Super Six, Hai Hai!!It has happened -- the unthinkable has happened. The world record has been broken and I'm not talking about Sachin's unbeatable 140 against Kenya or Dravid and Ganguly's partnership of 318 vs Sri Lanka. These are things which everyone knows. I'm talking about that record being broken which was set by the highest grossing motion picture of all times Titanic. And who has shattered that record but Star Wars -- The Phantom Menace. May the force always be with you. And where Indian politics is concerned, may the farce always be with us.
Magar choddo vilayaat ki baaton ko, let's talk about cricket. Last month, I said the three most probable teams to enter the World Cup finals would be South Africa, Australia and England. Now, England has entered the finals -- not the finals of the World Cup but the final stage of their cricket playing days. England is officially out of the Super Six -- the way they played with India, the only Super Six they would get to see wouldbe Juhu Beach's Super Sixes -- Kamla, Vimla, Razia, Sultana, Cochin Priya and Shakuntala, hai hai. De taale! (Eunuch what I mean.)
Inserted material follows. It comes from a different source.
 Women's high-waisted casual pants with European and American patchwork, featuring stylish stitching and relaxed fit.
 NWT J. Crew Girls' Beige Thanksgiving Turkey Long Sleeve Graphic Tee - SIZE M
So, I was completely wrong about England. I'm sorry about that readers, inconveniences regretted by cinema management. Me thinks the same thing happened to Alec Stewart that happened to Shah Rukh Khan in the Pepsi ad -- you know, when the English guard told him "Chall phutle". But do not worry about Alec Stewart's career, my friends. He is now working at a riverside inn bar in North London as a stewart(d). Phutne ki baat challe, to bhagya to Ranatunga saab ke bhi phute hain. I think Ranatunga should retire from cricket and become Rana of Raja and Rana fame and ride a tanga.
The same goes for the West Indies -- arre, Lara tu kaise hara. Chul wapas chal Chanderpaul ghar se aa gaya mummy ka call. And Curtly Ambrose (the missing link) should now just say, `Am roze haar ta hai.'
I think the WestIndies team should now become vegetable vendors -- and should start selling ladies fingers. They would make a lot of money there because only the cricketers of the West Indies would be able to sell the best bhindis.
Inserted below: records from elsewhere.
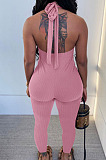 Pink Pure Color RIidder Halter Neck Bandage V Collar Sexy Backless Bodycon Jumpsuits LML251-2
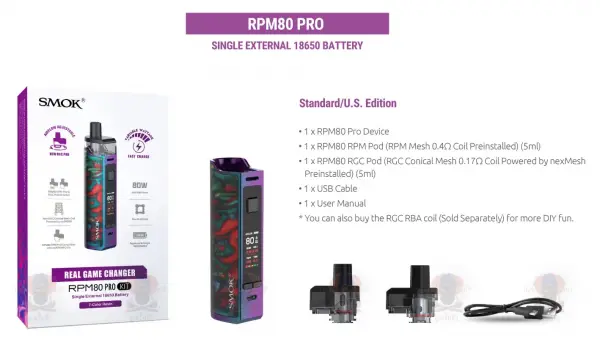 บุหรี่ไฟฟ้า pod system Smok rpm 80 Pro จากค่าย Smok อันเลื้องลื้อที่เรียกได้ว่าเป็น PodMod อย่างแท้จริง ด้วยความที่เจ้าตัวนี้มาพร้อมลูกเล่นที่เยอะ และสามารถเล่นคอยด์ได้ทั้ง RPM และ RGC จึงทำให้เป็นพอดอีก 1 ตัวที่น่าจับตามองและเป็นที่สนใจมากมาย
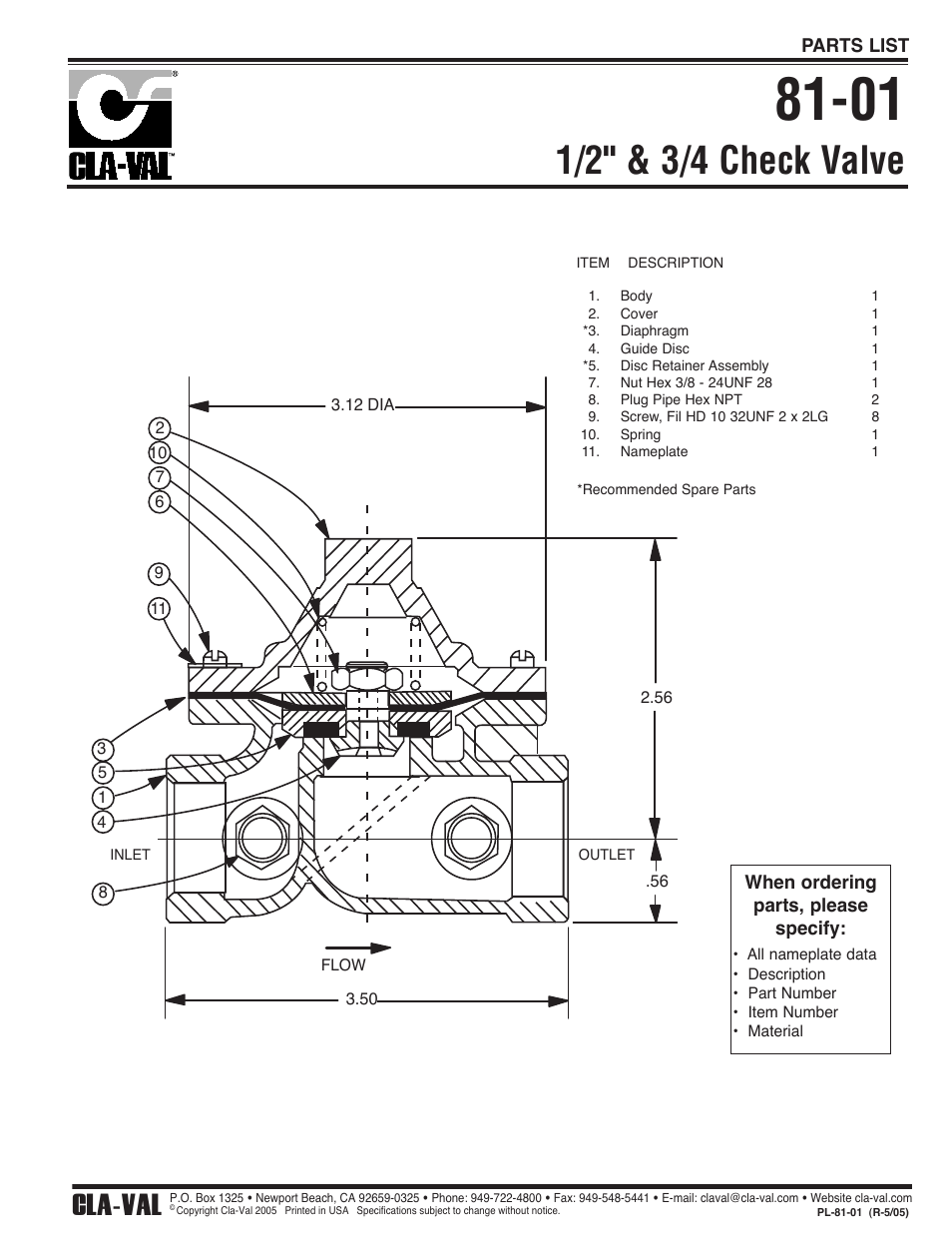 1/2" & 3/4 check valve, Cla-val | Cla-Val 50-49 User Manual | Page 18 / 29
But all said and done, some moments can never be forgotten. Like Zimbabwe beating South Africa (I wonder how much money Hansie Cronje and his team bet on Zimbabwe to win), Bangladesh beating Pakistan (let's check Wasim Akram's bank account now) and India thrashing England and then Venkatesh Prasad being lifted and tossed around by the thousands of spectators (I've heard of tossed salad but never of tossed Prasad). Last but not the least, who can forget the controvesial decision of LBW against Graham Thorpe given in India's favour by Pakistani umpire Javed Akhtar. Actually what must've happened after that ball was delivered is that Srinath must've asked the umpire, `Which floor do you stay on?' And he must've said, `The 13th floor, right on top,' and raised his finger.
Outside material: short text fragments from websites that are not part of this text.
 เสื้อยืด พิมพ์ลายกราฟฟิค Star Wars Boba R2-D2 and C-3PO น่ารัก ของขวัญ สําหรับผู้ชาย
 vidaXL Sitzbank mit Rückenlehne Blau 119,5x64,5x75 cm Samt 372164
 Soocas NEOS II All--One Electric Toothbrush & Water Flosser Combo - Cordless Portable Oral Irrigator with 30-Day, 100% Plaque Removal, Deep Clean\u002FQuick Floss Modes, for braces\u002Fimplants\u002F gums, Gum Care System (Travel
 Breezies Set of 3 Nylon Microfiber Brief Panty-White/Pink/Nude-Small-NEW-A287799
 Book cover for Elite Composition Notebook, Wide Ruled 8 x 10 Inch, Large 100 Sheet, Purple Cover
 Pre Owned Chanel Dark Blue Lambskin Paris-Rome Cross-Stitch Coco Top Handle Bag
So after all, theumpire does strike back.
Today's is a crucial match (besides being a contraceptive and a ball pen). The big one: India vs Australia. Both teams have to win all matches to enter the semi finals. Do or die. Dil kehta hain Hindustan, bheja kehta hain Australia. I some how seem to know the result of every match before hand because of my frind Suresh Menon (no, he is not related to model-actress and now veejay Shweta Menon who is perpetually dressed in black so that people can call her Menon black). He is not just a very funny guy but knows more about cricket than Vijay Merchant. This guy is not just good looking but also witty, young and available (I am not talking about Vijay Merchant but the super stud, Suresh). Interested girls may contact on: 98210 94717 between 6.00 am and 6.00 am.
Coming back to cricket, according to me, some of the players of the Indian cricket team should be replaced by Ramu Ghariyali and Kartik More as the opening batsmen. They are in charge of the bat cages at the localchidiyaghar and no body would be better bats than them. Fast bowler: Salman Khan -- nobody can bowl maidens over faster than him. I would love to stay back and give you more details about the team but I've got to go now because the match has started. No my friends, I am not talking about India vs Australia. I am talking about the fighting match between Mr Mansukhramani, my building secretary, and Mr Karanjia, my building treasurer, at the local buildiny meeting.
Sajid Khan says India will win -- if not the World Cup, then everyone's sympathy.